Group members should collectively determine concerns and interests while leaving space for unstructured discussion. We recommend creating a minimalist agenda prior to each meeting. Participants often expressed that they enjoyed the social support and connection generated by ad-hoc free-flowing discussions, but many mentees reported finding additional value addressing specific issues and challenges. Among many other things, mentees valued working on skills training, receiving feedback on writing and research, career development, reviewing job application materials, and receiving practical advice for navigating academia.

A lack of understanding about the time commitments of the program frustrated some mentors and mentees alike. We recommend building a structure to allow participants to opt out of groups or for organizers to anticipate potentially forming new ones if groups go dormant.
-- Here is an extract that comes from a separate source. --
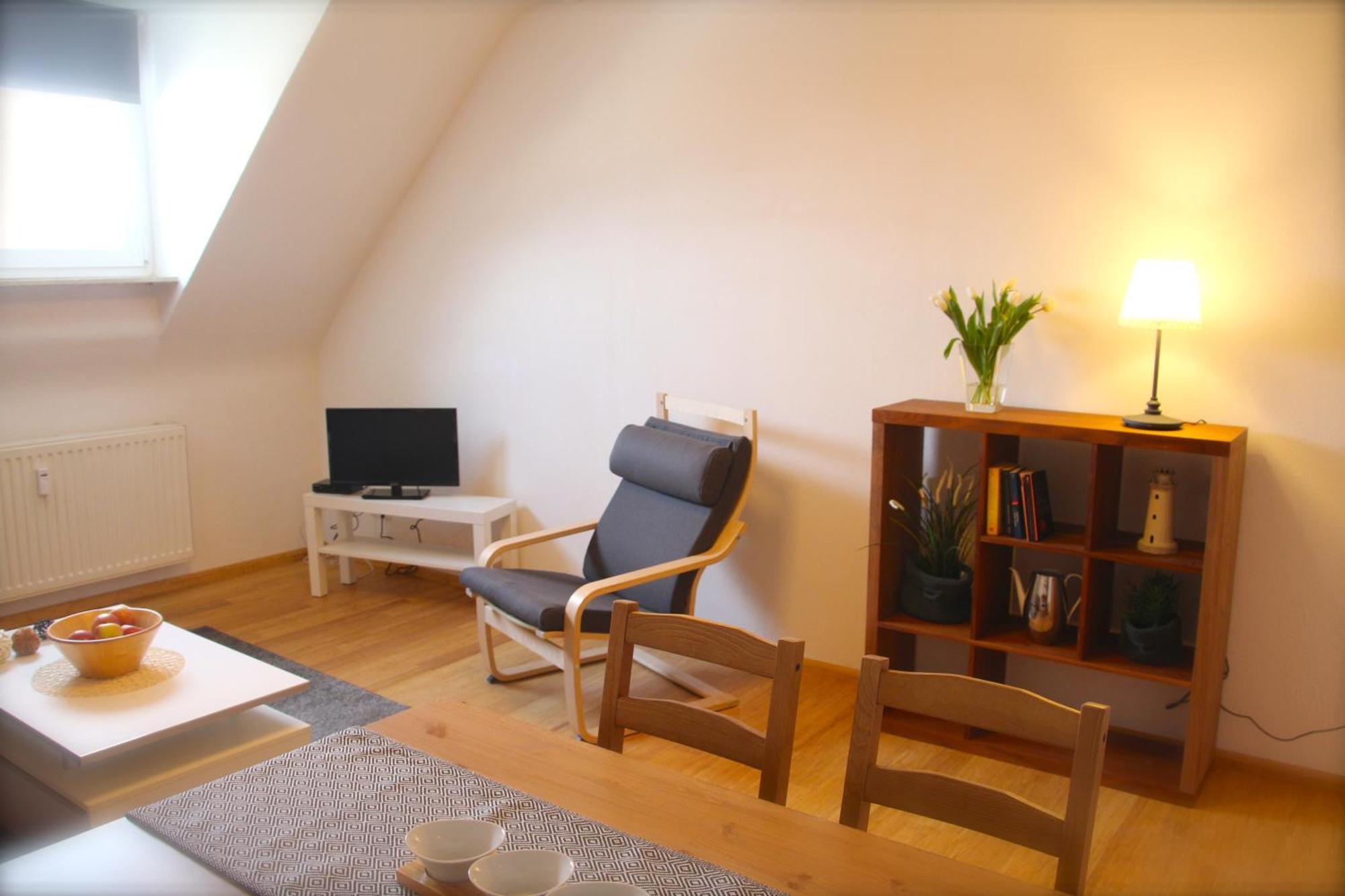 Apartment Kirchturmblick Euren *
Advice: From Mentors to Mentors and From Mentees to Mentees

Our mentor surprised us with her thanks, and she wasn’t the only mentor to enjoy the experience. “I truly enjoyed the chance to get to know two incredibly bright scholars,” said one mentor. “I enjoy mentoring,” another mentor told us, “because I know that I’ve appreciated mentoring that I’ve received.” One other mentor urged established scholars to participate “even if they are unsure about what they have to offer,” finding that there were “many ways to be useful as a mentor and to use your experiences to support our junior colleagues.”

Mentors wanted potential-mentors to consider the importance of mentoring for the subfield’s reproduction. “I volunteered to participate,” one told us, “because sustaining cultural sociology is a decades-long project for me.” Another told us, “Mentorship from others who have ‘made it’ is essential for the future of our subdiscipline.” Another suggested, “Given how few ‘culture’ jobs there are out there, it is essential to find ways to guide cultural sociologists toward successful career paths and help those with jobs keep them.” 

One mentee wanted potential-mentees to know one thing, “There is no reason not to sign up for this!” Another shares that “It was absolutely worth my time,” while adding, “It deeply enriched my sense of what cultural sociology looks like, how to find my place in it, and how to improve my writing to make it more legible to this subfield.”

Messages of Thanks for the Organizers 

The reflections of mentees and mentors who participated in the 2020 Culture Section Mentorship Program demonstrate at least three non-exclusive benefits of this program: (1) It offers junior scholars useful advice and support; (2) It animates our subdiscipline and contributes to its cohesiveness; (3) It enables connection in hard times, offering respite from isolation and a chance to build meaningful, generative, relationships. 

Along with these benefits, we heard a resounding thank you for the organizers.  A mentee added, “Although my group had differing substantive interests, identities, and backgrounds, the pairing was quite perfect.”A mentor tells organizers, “Thanks for organizing this and for the chance to participate. It was really enjoyable and worthwhile for me,” while one simply wrote “ENCOURAGEMENT”. Another mentor adds, “I appreciate all the work that went into matching us because it was a great fit.” 

In all, the program was a success, and participants seemed to benefit greatly. We hope to see the program grow in the years to come. Thanks to the organizers and participants!